Introduction

Bipolar disorder (BD) is a disorder of recurrent episodes of hyperthymia and depression that negatively affects the lives of most patients despite its association with creativity1, and patients with BD have the highest suicide rate of all psychiatric disorders, about 20–30 times that of the general population2. However, correctly diagnosing BD is a very difficult task, and in related studies, it was observed that more than half of the doctors were unable to correctly diagnose BD3. These misdiagnoses may result in a cascade of negative outcomes, and patients may receive inadequate or inappropriate treatments, which fail to alleviate the symptoms or damage of the disease and may even cause further deterioration of their mood4.
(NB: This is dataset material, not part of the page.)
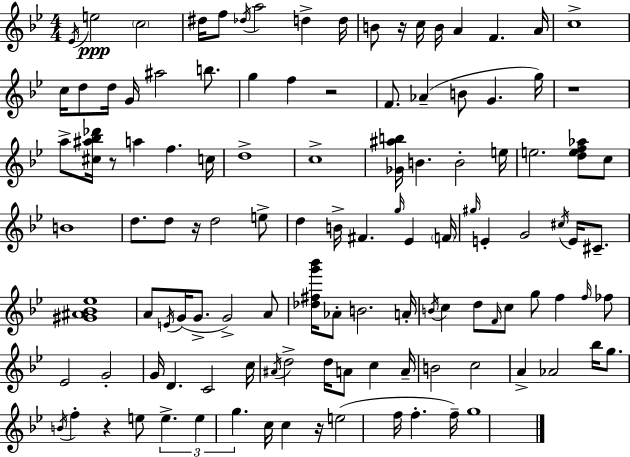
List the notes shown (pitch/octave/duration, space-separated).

Eb4/s E5/h C5/h D#5/s F5/e Db5/s A5/h D5/q D5/s B4/e R/s C5/s B4/s A4/q F4/q. A4/s C5/w C5/s D5/e D5/s G4/s A#5/h B5/e. G5/q F5/q R/h F4/e. Ab4/q B4/e G4/q. G5/s R/w A5/e [C#5,A#5,Bb5,Db6]/s R/e A5/q F5/q. C5/s D5/w C5/w [Gb4,A#5,B5]/s B4/q. B4/h E5/s E5/h. [D5,E5,F5,Ab5]/e C5/e B4/w D5/e. D5/e R/s D5/h E5/e D5/q B4/s F#4/q. G5/s Eb4/q F4/s G#5/s E4/q G4/h C#5/s E4/s C#4/e. [G#4,A#4,Bb4,Eb5]/w A4/e E4/s G4/s G4/e. G4/h A4/e [Db5,F#5,G6,Bb6]/s Ab4/e B4/h. A4/s B4/s C5/q D5/e F4/s C5/e G5/e F5/q F5/s FES5/e Eb4/h G4/h G4/s D4/q. C4/h C5/s A#4/s D5/h D5/s A4/e C5/q A4/s B4/h C5/h A4/q Ab4/h Bb5/s G5/e. B4/s F5/q R/q E5/e E5/q. E5/q G5/q. C5/s C5/q R/s E5/h F5/s F5/q. F5/s G5/w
In the diagnosis of BD, it is most easily confused with schizophrenia (SC) and major depressive disorder (MDD). SC is a neuropsychiatric disorder that usually occurs in adolescents or young adults and mostly lasts throughout one’s entire lifespan. It is typically characterized by hallucinations, delusions, apathy, and social withdrawal. However, patients with BD also present with symptoms similar to those of schizophrenics5, and genome-wide association studies have shown a substantial genetic overlap between SC and BD6, making it extraordinarily difficult to distinguish between the two disorders. When patients with BD have major depressive episodes, their clinical phenotype is not fundamentally different from those with MDD (monophasic depression). Therefore, many patients with BD are frequently misdiagnosed as having MDD (monophasic depression)7.

Thus, distinguishing BD from SC and MDD has become one of the main tasks in efficiently diagnosing the disorder. This study aims to establish a diagnostic model to distinguish BD from SC and MDD in multiple public datasets using bioinformatics and machine learning and to provide new ideas for diagnosing BD in the future.
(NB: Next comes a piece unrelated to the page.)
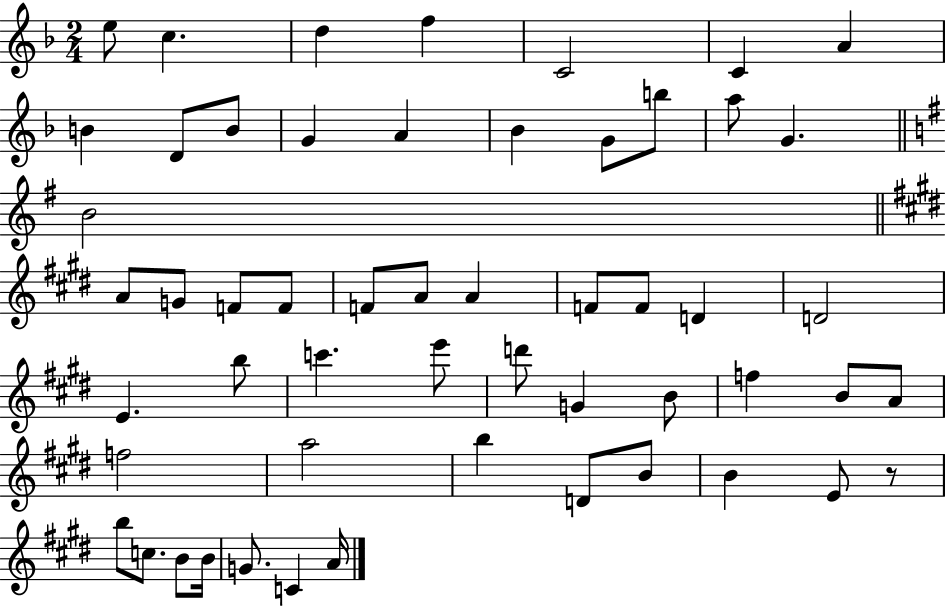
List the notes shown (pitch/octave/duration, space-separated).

E5/e C5/q. D5/q F5/q C4/h C4/q A4/q B4/q D4/e B4/e G4/q A4/q Bb4/q G4/e B5/e A5/e G4/q. B4/h A4/e G4/e F4/e F4/e F4/e A4/e A4/q F4/e F4/e D4/q D4/h E4/q. B5/e C6/q. E6/e D6/e G4/q B4/e F5/q B4/e A4/e F5/h A5/h B5/q D4/e B4/e B4/q E4/e R/e B5/e C5/e. B4/e B4/s G4/e. C4/q A4/s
This study used different datasets, including different sample sources, experimental conditions, and data from different time points. This diversity helps to increase the comprehensiveness and reliability of research. In addition, various types of datasets can help us verify the reliability of diagnostic models.
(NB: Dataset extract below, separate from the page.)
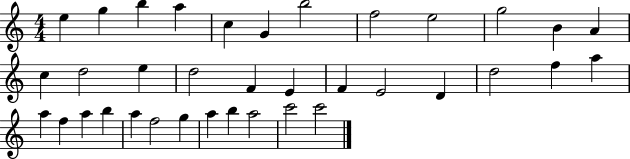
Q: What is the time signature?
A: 4/4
In addition, the bioinformatics and machine learning methods used in this study are capable of processing large-scale data, mining hidden patterns, identifying complex interactions, etc., which have implications for diagnosing and distinguishing diseases.

Methodology

Materials

The brain tissue datasets GSE92538-GPL10526, GSE92538-GPL17027, and GSE12654 were chosen using the GEO database (https://www.ncbi.nlm.nih.gov/geo/)8 as training groups, each containing patients with SC, BD, and MDD. The GSE18312 and GSE39653 datasets were chosen as the validation groups to distinguish BD from SC and MDD (both GSE18312 and GSE39653 were peripheral blood datasets), in order to increase the sample size for analysis and enhance the reliability of the study, we merged and removed batch effects from multiple datasets.

To merge multiple datasets, the datasets were initially merged by employing the R package. This was followed by the removal of the batch effect function of the R package limma (version 3.42.2) for the purpose of eliminating the batch effect, after which the matrix was attained. Figure 1 shows the detailed process. Supplementary table 1 shows the detailed datasets information.

Fig. 1
figure 1

Flow chart.

Identification of differentially expressed genes

Linear Models for Microarray Data (Limma) analysis9 is a generalized linear model-based differential expression analytical technique. In this study, the R package limma (version 3.40.6) was employed for differential analysis to attain differentially expressed genes (DEGs) among variant comparison groups and controls. During this research, |log2 fold change (FC)| > 1 and P value < 0.05 were chosen as the criteria for identifying DEGs using the Limma package, and heat map and volcano plots of DEGs in the individual and combined datasets were visualized by sangerBox, respectively10.

The criteria of |log2 fold change (FC)| > 1 and P value < 0.05 are essential to ensure that the selected differentially expressed genes are relatively reliable. This helps reduce false-positive results and enhances the credibility of the research findings. |log2 fold change (FC)| > 1 signifies that the differential expression genes have a fold change of at least 2, which is typically considered biologically significant in the field of biology. A P value < 0.05 indicates statistical significance, making it easier to determine which genes exhibit significance in differential expression between diseases.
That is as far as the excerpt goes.